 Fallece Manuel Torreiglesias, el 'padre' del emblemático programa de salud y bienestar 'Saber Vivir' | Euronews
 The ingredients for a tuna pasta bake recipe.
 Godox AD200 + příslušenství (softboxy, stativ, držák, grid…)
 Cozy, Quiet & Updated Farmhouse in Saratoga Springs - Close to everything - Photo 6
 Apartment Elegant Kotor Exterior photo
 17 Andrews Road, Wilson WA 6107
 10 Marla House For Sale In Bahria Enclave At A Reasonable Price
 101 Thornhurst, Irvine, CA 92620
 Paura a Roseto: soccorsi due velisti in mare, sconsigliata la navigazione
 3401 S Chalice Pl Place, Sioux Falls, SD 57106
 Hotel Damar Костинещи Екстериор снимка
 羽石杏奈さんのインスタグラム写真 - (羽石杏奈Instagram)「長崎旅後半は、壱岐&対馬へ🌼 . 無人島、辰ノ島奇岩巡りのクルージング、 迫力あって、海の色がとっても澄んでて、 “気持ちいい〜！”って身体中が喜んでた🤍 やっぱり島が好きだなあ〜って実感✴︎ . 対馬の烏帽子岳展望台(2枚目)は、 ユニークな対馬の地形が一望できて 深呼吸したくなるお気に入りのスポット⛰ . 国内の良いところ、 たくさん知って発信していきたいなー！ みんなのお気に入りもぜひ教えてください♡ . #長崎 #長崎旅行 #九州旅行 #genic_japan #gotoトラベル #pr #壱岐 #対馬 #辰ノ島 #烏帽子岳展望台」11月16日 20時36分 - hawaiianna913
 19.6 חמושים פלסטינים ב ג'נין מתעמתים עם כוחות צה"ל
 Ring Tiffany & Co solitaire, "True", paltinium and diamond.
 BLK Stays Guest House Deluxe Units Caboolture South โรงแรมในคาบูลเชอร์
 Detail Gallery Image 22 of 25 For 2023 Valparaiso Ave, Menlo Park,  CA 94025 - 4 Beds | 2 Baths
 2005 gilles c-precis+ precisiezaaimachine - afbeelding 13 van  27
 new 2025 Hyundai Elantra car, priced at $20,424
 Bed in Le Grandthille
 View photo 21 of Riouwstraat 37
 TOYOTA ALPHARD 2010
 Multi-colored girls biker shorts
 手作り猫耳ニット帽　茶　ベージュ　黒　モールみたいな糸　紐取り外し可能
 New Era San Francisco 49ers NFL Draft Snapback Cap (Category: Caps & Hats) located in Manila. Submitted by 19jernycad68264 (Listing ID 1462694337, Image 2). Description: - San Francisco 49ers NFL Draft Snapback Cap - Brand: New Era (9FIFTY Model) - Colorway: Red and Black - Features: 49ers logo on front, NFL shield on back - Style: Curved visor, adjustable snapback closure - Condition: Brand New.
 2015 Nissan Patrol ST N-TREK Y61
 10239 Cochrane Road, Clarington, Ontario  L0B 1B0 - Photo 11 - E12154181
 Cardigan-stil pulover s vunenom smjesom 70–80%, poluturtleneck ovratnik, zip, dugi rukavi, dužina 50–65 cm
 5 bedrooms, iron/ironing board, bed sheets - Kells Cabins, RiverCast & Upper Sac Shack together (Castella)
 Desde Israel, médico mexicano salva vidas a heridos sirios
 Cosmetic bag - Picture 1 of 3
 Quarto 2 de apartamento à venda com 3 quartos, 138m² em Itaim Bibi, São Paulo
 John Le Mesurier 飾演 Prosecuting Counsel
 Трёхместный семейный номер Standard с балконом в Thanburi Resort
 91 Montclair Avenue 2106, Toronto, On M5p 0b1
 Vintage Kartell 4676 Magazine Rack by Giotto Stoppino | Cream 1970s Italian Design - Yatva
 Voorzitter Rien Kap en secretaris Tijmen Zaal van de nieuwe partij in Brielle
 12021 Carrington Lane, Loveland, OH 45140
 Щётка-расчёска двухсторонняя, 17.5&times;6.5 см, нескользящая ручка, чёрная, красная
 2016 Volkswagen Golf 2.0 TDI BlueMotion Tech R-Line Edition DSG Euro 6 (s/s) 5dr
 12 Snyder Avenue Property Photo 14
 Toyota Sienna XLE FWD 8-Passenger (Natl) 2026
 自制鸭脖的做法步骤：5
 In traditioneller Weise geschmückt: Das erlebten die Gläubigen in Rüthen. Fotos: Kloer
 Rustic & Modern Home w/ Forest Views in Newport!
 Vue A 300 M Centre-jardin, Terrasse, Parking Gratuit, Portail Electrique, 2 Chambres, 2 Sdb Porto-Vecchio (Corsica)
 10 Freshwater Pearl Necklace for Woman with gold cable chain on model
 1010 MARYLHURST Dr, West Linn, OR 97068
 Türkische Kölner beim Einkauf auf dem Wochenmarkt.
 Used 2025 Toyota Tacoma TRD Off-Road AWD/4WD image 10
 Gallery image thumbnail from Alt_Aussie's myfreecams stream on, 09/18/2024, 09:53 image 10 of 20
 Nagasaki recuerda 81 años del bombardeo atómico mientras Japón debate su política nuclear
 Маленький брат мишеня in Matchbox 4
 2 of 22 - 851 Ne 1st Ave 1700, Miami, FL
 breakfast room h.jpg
----------
What needs to be done -
Each line of the data above must be restated word for word.

Exercise answer -
 Fallece Manuel Torreiglesias, el 'padre' del emblemático programa de salud y bienestar 'Saber Vivir' | Euronews
 The ingredients for a tuna pasta bake recipe.
 Godox AD200 + příslušenství (softboxy, stativ, držák, grid…)
 Cozy, Quiet & Updated Farmhouse in Saratoga Springs - Close to everything - Photo 6
 Apartment Elegant Kotor Exterior photo
 17 Andrews Road, Wilson WA 6107
 10 Marla House For Sale In Bahria Enclave At A Reasonable Price
 101 Thornhurst, Irvine, CA 92620
 Paura a Roseto: soccorsi due velisti in mare, sconsigliata la navigazione
 3401 S Chalice Pl Place, Sioux Falls, SD 57106
 Hotel Damar Костинещи Екстериор снимка
 羽石杏奈さんのインスタグラム写真 - (羽石杏奈Instagram)「長崎旅後半は、壱岐&対馬へ🌼 . 無人島、辰ノ島奇岩巡りのクルージング、 迫力あって、海の色がとっても澄んでて、 “気持ちいい〜！”って身体中が喜んでた🤍 やっぱり島が好きだなあ〜って実感✴︎ . 対馬の烏帽子岳展望台(2枚目)は、 ユニークな対馬の地形が一望できて 深呼吸したくなるお気に入りのスポット⛰ . 国内の良いところ、 たくさん知って発信していきたいなー！ みんなのお気に入りもぜひ教えてください♡ . #長崎 #長崎旅行 #九州旅行 #genic_japan #gotoトラベル #pr #壱岐 #対馬 #辰ノ島 #烏帽子岳展望台」11月16日 20時36分 - hawaiianna913
 19.6 חמושים פלסטינים ב ג'נין מתעמתים עם כוחות צה"ל
 Ring Tiffany & Co solitaire, "True", paltinium and diamond.
 BLK Stays Guest House Deluxe Units Caboolture South โรงแรมในคาบูลเชอร์
 Detail Gallery Image 22 of 25 For 2023 Valparaiso Ave, Menlo Park,  CA 94025 - 4 Beds | 2 Baths
 2005 gilles c-precis+ precisiezaaimachine - afbeelding 13 van  27
 new 2025 Hyundai Elantra car, priced at $20,424
 Bed in Le Grandthille
 View photo 21 of Riouwstraat 37
 TOYOTA ALPHARD 2010
 Multi-colored girls biker shorts
 手作り猫耳ニット帽　茶　ベージュ　黒　モールみたいな糸　紐取り外し可能
 New Era San Francisco 49ers NFL Draft Snapback Cap (Category: Caps & Hats) located in Manila. Submitted by 19jernycad68264 (Listing ID 1462694337, Image 2). Description: - San Francisco 49ers NFL Draft Snapback Cap - Brand: New Era (9FIFTY Model) - Colorway: Red and Black - Features: 49ers logo on front, NFL shield on back - Style: Curved visor, adjustable snapback closure - Condition: Brand New.
 2015 Nissan Patrol ST N-TREK Y61
 10239 Cochrane Road, Clarington, Ontario  L0B 1B0 - Photo 11 - E12154181
 Cardigan-stil pulover s vunenom smjesom 70–80%, poluturtleneck ovratnik, zip, dugi rukavi, dužina 50–65 cm
 5 bedrooms, iron/ironing board, bed sheets - Kells Cabins, RiverCast & Upper Sac Shack together (Castella)
 Desde Israel, médico mexicano salva vidas a heridos sirios
 Cosmetic bag - Picture 1 of 3
 Quarto 2 de apartamento à venda com 3 quartos, 138m² em Itaim Bibi, São Paulo
 John Le Mesurier 飾演 Prosecuting Counsel
 Трёхместный семейный номер Standard с балконом в Thanburi Resort
 91 Montclair Avenue 2106, Toronto, On M5p 0b1
 Vintage Kartell 4676 Magazine Rack by Giotto Stoppino | Cream 1970s Italian Design - Yatva
 Voorzitter Rien Kap en secretaris Tijmen Zaal van de nieuwe partij in Brielle
 12021 Carrington Lane, Loveland, OH 45140
 Щётка-расчёска двухсторонняя, 17.5&times;6.5 см, нескользящая ручка, чёрная, красная
 2016 Volkswagen Golf 2.0 TDI BlueMotion Tech R-Line Edition DSG Euro 6 (s/s) 5dr
 12 Snyder Avenue Property Photo 14
 Toyota Sienna XLE FWD 8-Passenger (Natl) 2026
 自制鸭脖的做法步骤：5
 In traditioneller Weise geschmückt: Das erlebten die Gläubigen in Rüthen. Fotos: Kloer
 Rustic & Modern Home w/ Forest Views in Newport!
 Vue A 300 M Centre-jardin, Terrasse, Parking Gratuit, Portail Electrique, 2 Chambres, 2 Sdb Porto-Vecchio (Corsica)
 10 Freshwater Pearl Necklace for Woman with gold cable chain on model
 1010 MARYLHURST Dr, West Linn, OR 97068
 Türkische Kölner beim Einkauf auf dem Wochenmarkt.
 Used 2025 Toyota Tacoma TRD Off-Road AWD/4WD image 10
 Gallery image thumbnail from Alt_Aussie's myfreecams stream on, 09/18/2024, 09:53 image 10 of 20
 Nagasaki recuerda 81 años del bombardeo atómico mientras Japón debate su política nuclear
 Маленький брат мишеня in Matchbox 4
 2 of 22 - 851 Ne 1st Ave 1700, Miami, FL
 breakfast room h.jpg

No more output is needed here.